The organisation also reported today that claims against the life and pensions advice sector led to a compensation bill of just less than £84m.
This was up from £35m the previous year.
It came as the average pay-out against advisers who recommended high-risk investments to hold in self-invested-personal pensions, increased year-on-year from £29,500 to £38,600, officials said.
The FSCS annual report, which published the figures, stated that it had responded to the failure of three investment firms, which had been placed into the Special Administration Regime during the course of the year.
This included paying £28.8m in relation to claims against Alpari (UK) Limited, £1.2m in relation to claims against LQD Markets (UK) Limited and £3.1m in relation to claims against Hume Capital Securities PLC.
The report stated: “These defaults highlight the need for FSCS to respond to sudden and unexpected firm failures quickly, returning client funds to customers through a streamlined payments process.
“In addition to dealing with continuing high volumes of investment claims in relation to advice to invest in non-standard asset classes, including unregulated collective investment schemes, FSCS began to see increasing numbers of claims concerning advice to participate in tax avoidance schemes linked to film partnerships or environmental plans.
“Although a relatively modest category of claim – with around 250 claims seen to date – the claims do present complex legal issues relating to the liability of financial advisers and quantification of losses.
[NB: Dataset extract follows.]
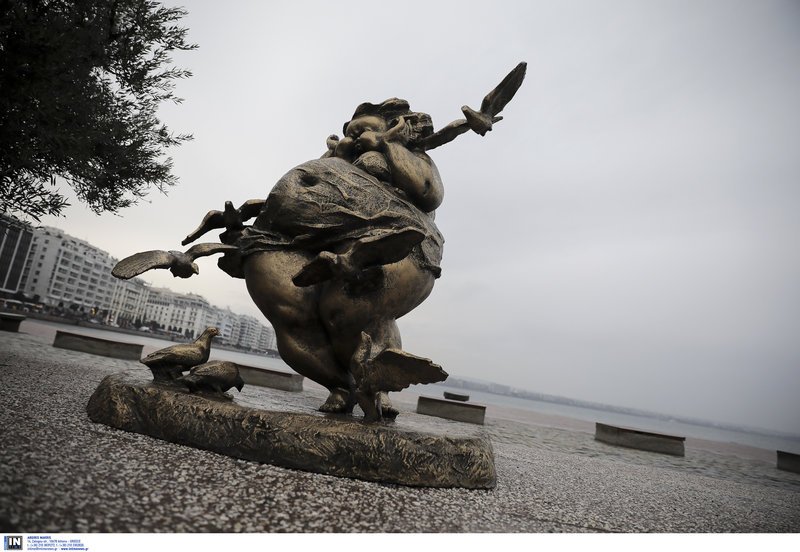 Θεσσαλονίκη: 15 παχουλές γυναίκες μαγνητίζουν τα βλέμματα στο λιμάνι [εικόνες] | iefimerida.gr 3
Decisions issued in the year found claims ineligible for compensation, but further claims remain outstanding.”
Almost £88m was paid to customers of firms providing general insurance – such as motor and employers’ liability insurance
Levies paid by the financial services industry to FSCS in 2015/16 totalled £1.09bn, compared with £1.08bn the previous year. Both figures include the interest cost and capital repayment levy for the banking failures in 2008/09, £454m and £697m respectively.